The ACLU points out that this conveyance of location information to the service provider nevertheless must be voluntary in order for the cell phone owner to relinquish his privacy interest in the data. The ACLU asserts that here it is not. According to the ACLU, “[w]hen a cell phone user makes or receives a call, there is no indication to the user that making or receiving that call will ... locate the caller.” A user cannot voluntarily convey something which he does not know he has.
The Government disputes the assertion that cell phone users do not voluntarily convey location information. It contends that the users know that they convey information about their location to their service providers when they make a call and that they voluntarily continue to make such calls. We agree.

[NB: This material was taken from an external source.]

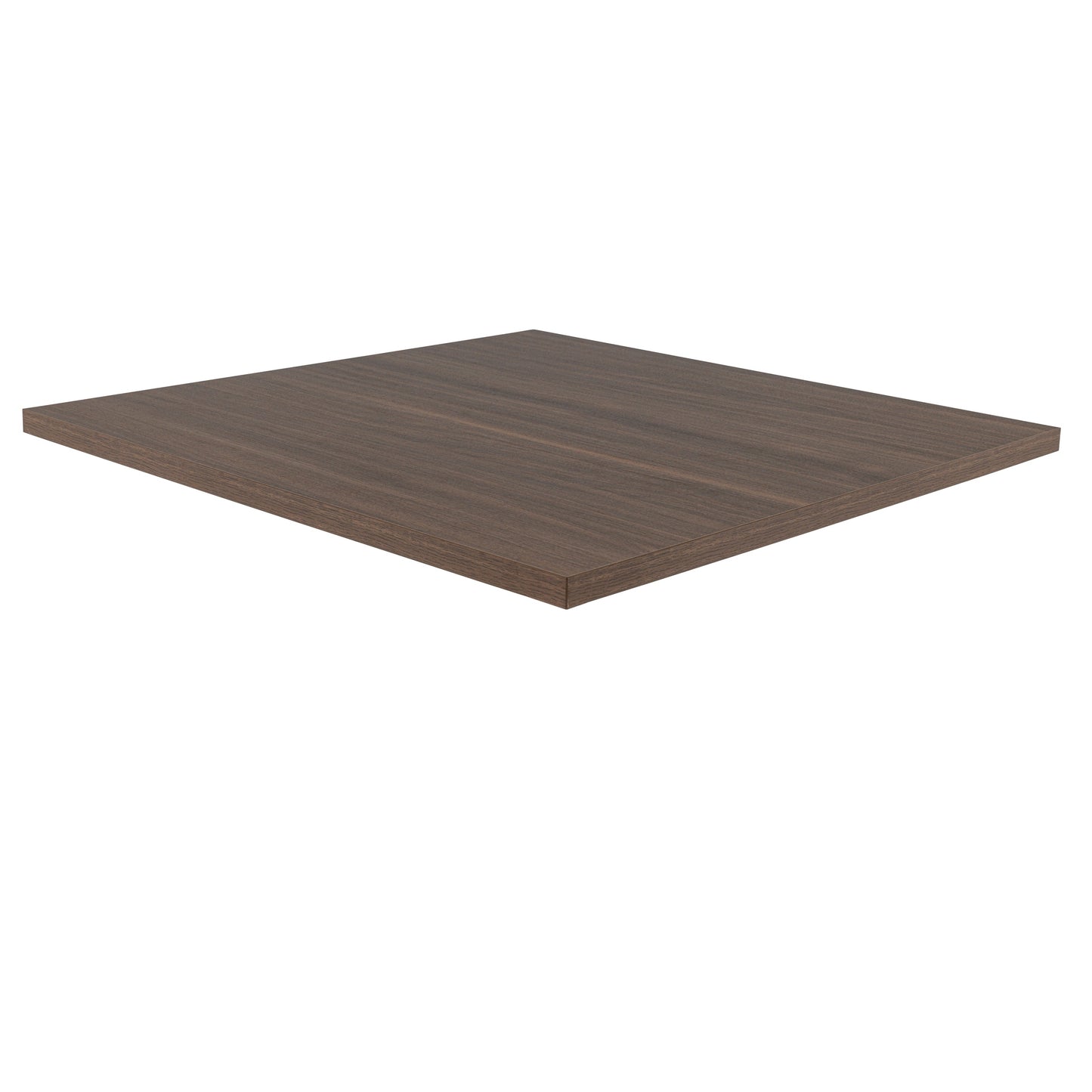 Plateau de table restaurant Stratifié Original Collection 24mm -Noyer-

In Smith, the Supreme Court recognized that:
All telephone users realize that they must “convey” phone numbers to the telephone company, since it is through telephone company switching equipment that their calls are completed. All subscribers realize, moreover, that the phone company has facilities for making permanent records of the numbers they dial, for they see a list of their long-distance (toll) calls on their monthly bills.

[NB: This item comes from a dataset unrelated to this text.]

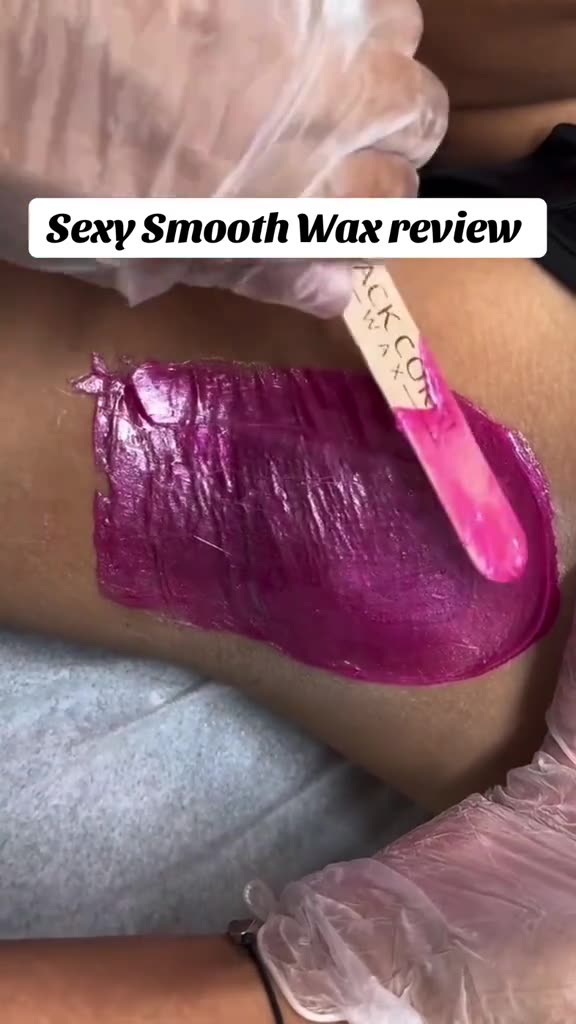 ✨ Underarm Waxing with Tickled Pink by Sexy Smooth | Honest Review by @neyshamua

442 U.S. at 742, 99 S.Ct. 2577. Furthermore, it observed that “[m]ost phone books tell subscribers, on a page entitled ‘Consumer Information,’ that the company ‘can frequently help in identifying to the authorities the origin of unwelcome and troublesome calls.’” Id. at 742-43, 99 S.Ct. 2577.
*613A cell service subscriber, like a telephone user, understands that his cell phone must send a signal to a nearby cell tower in order to wirelessly connect his call. See United States v. Madison, No. 11-60285-CR, 2012 WL 3095357, at *8 (SJD.Fla. July 30, 2012) (unpublished) (“[C]ell-phone users have knowledge that when they place or receive calls, they, through their cell phones, are transmitting signals to the nearest cell tower, and, thus, to their communications service providers.”). Cell phone users recognize that, if their phone cannot pick up a signal (or “has no bars”), they are out of the range of their service provider’s network of towers. And they realize that, if many customers in an area attempt to make calls at the same time, they may overload the network’s local towers, and the calls may not go through. Even if this cell phone-to-tower signal transmission was not “common knowledge,” California v. Greenwood, 486 U.S. 35, 40, 108 S.Ct. 1625, 100 L.Ed.2d 30 (1988), the Government also has presented evidence that' cell service providers’ and subscribers’ contractual terms of service and providers’ privacy policies expressly state that a provider uses a subscriber’s location information to route his cell phone calls. In addition, these documents inform subscribers that the providers not only use the information, but collect it. See also Madison, 2012 WL 3095357, at *8 (“Moreover, the cell-phone-using public knows that communications companies make and maintain permanent records regarding cell-phone usage, as many different types of billing plans are available----Some plans also impose additional charges when a cell phone is used outside its ‘home area’ (known commonly as ‘roaming’ charges). In order to bill in these different ways, communications companies must maintain the requisite data, including cell-tower information.”). Finally, they make clear that providers will turn over these records to government officials if served with a court order. Cell phone users, therefore, understand that their service providers record their location information when they use their phones at least to the same extent that the landline users in Smith understood that the phone company recorded the numbers they dialed.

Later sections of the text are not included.